Nouveau bulletin de notes au collège : peut mieux faire

par Sibylle LAURENT
Publié le 30 septembre 2015 à 19h50
Nouveau bulletin de notes au collège : peut mieux faire

ILS NOTENT lA MINISTRE – Alors que la ministre de l’Education Najat Vallaud-Belkacem a présenté ses mesures pour réformer l’évaluation du bulletin de notes afin de le rendre plus clair et plus lisible, professeurs et parents disent à metronews ce qu’ils en pensent : pas que du bien.

"Bien, mais peut mieux faire." "Trop complexe." "Il faut plus de lisibilité." "Ne va pas assez loin." Non, ce ne sont pas les appréciations d’un bulletin de note moyen, mais les commentaires des parents et enseignants après que Najat Vallaud-Belkacem a présenté ses propositions sur l’évaluation des élèves au collège.

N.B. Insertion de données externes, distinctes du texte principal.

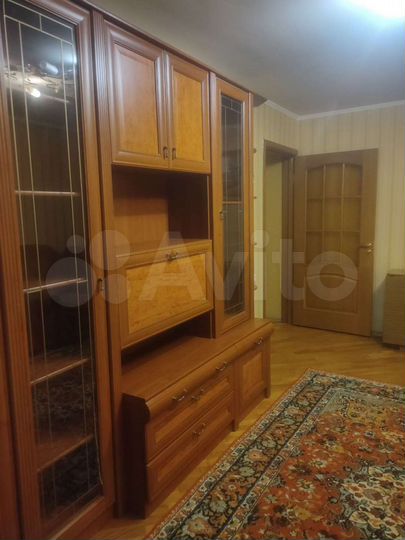 3-к. квартира, 80 м², 3/9 эт.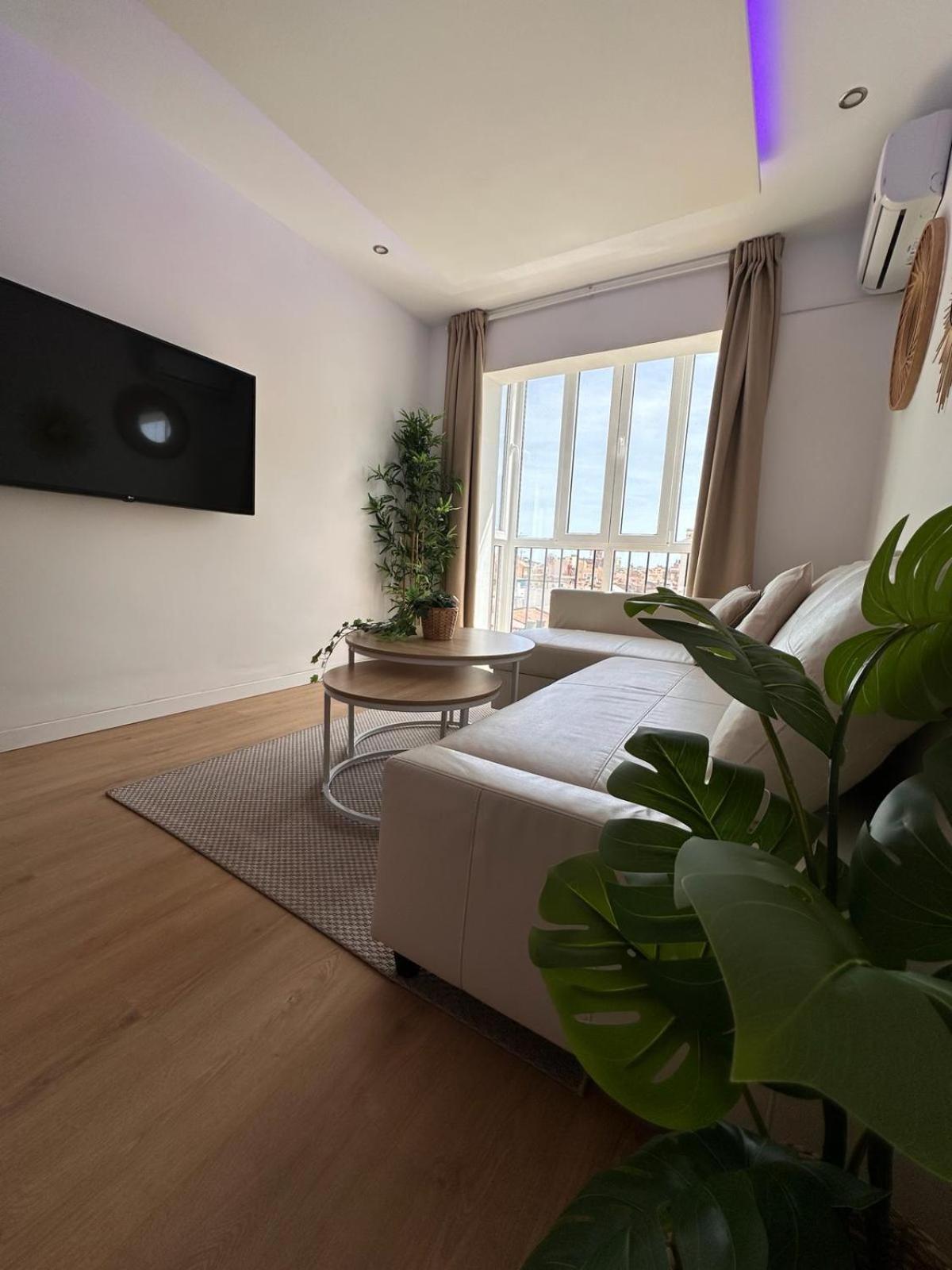 Apartamento San Jorge Premium - Малага Экстерьер фото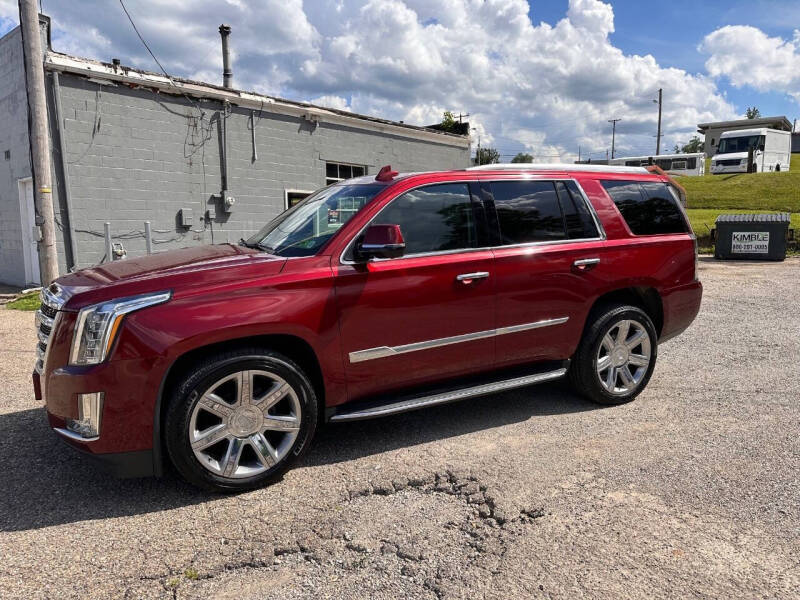 2017 Cadillac Escalade Luxury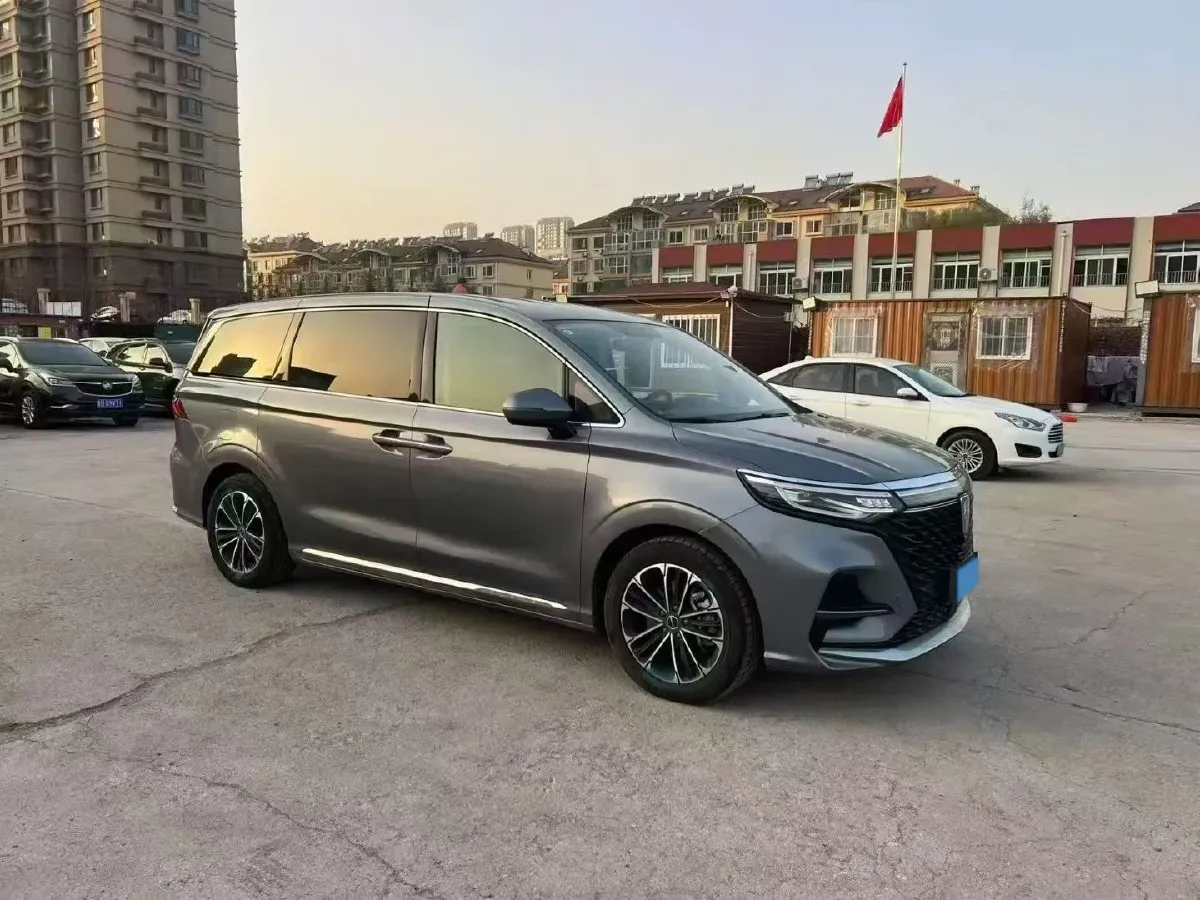 2022 Roewe iMAX8 2.0T 234HP L4 8AT,autocango,china used car exporter,china ev exporter,chinese used car exporter,chinese used ev exporter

La réforme prévoit notamment un nouveau modèle de bulletin scolaire, où les élèves seront évaluées par compétences, avec des critères tels que "objectifs non atteints", "partiellement atteints", ou encore "dépassés". A côté de ça, les enseignants auront toujours la possibilité d'évaluer avec des notes chiffrées. Ces bulletins trimestriels seront complétés à la fin de chaque cycle (CE2, 6e, 3e) par une fiche dressant un bilan global sur un socle commun de connaissances que l'élève doit maîtriser à 16 ans.

L’idée de la ministre ? Simplifier l’évaluation, et la rendre plus lisible pour les parents et les élèves. Mais dans un contexte où les différentes parties - syndicats d’enseignants, et de parents d’élèves - s’affrontent sur le sujet de la notation à l’école, les mesures présentées sont loin, très loin de faire l’unanimité.

"Les notes ne sont plus justifiées"

D’un côté, il y a les "bien, mais peut mieux faire". Christian Chevalier, secrétaire général de l’ Unsa , qui, avec la CFDT, est plutôt pour les orientations prises par le gouvernement, estime que la mesure ne va pas assez loin : "Les notes ne sont plus justifiées. Elles sont stigmatisantes, conçues à l’origine pour trier les élèves", explique-t-il. Mais, en permettant aux profs de conserver la notation, tout en introduisant la notion de compétences, la ministre a été "habile" : "Supprimer les notes aurait créé un mouvement de panique. Là ça va se faire progressivement", estime-t-il.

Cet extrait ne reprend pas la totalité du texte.